*Extracted material:*
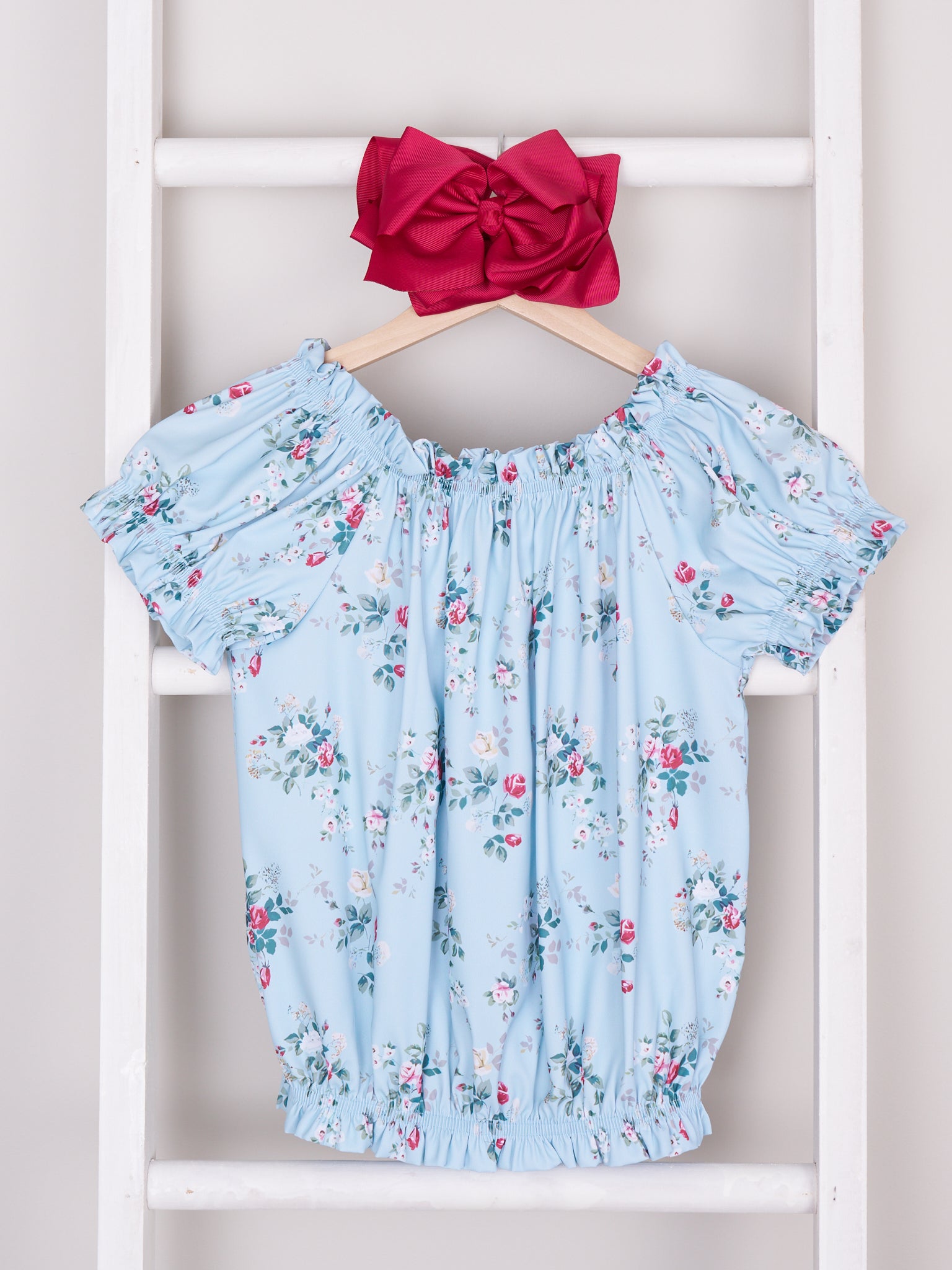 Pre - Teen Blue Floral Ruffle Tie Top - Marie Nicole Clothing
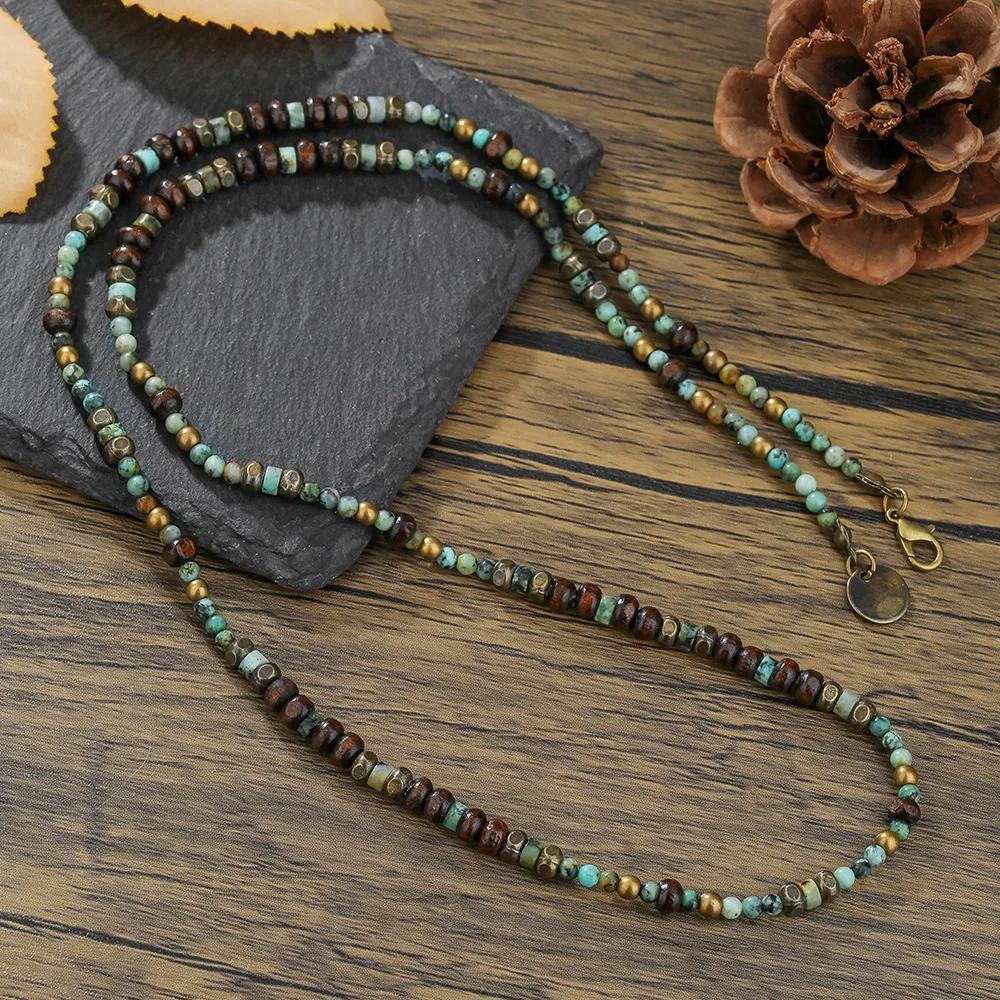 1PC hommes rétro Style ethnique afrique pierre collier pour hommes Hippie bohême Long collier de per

--

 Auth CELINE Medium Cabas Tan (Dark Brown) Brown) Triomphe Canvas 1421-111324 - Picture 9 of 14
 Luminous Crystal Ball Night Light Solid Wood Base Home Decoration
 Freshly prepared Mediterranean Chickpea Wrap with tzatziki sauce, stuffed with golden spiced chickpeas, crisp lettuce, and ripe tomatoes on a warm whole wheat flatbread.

--

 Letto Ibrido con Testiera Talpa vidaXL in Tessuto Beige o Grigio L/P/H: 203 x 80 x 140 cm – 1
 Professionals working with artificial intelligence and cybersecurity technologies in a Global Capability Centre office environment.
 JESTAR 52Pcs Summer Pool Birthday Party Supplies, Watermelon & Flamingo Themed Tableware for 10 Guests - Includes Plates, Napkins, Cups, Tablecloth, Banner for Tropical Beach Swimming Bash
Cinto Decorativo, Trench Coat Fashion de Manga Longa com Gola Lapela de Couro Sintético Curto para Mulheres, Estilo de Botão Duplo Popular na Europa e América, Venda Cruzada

*Try it:* Within the listing above, extract exactly the lines that run from the one containing "Pre - Teen Blue" through the one containing "1PC hommes rétro", excluding any pictures.

*Task answer:*
 Pre - Teen Blue Floral Ruffle Tie Top - Marie Nicole Clothing
 1PC hommes rétro Style ethnique afrique pierre collier pour hommes Hippie bohême Long collier de per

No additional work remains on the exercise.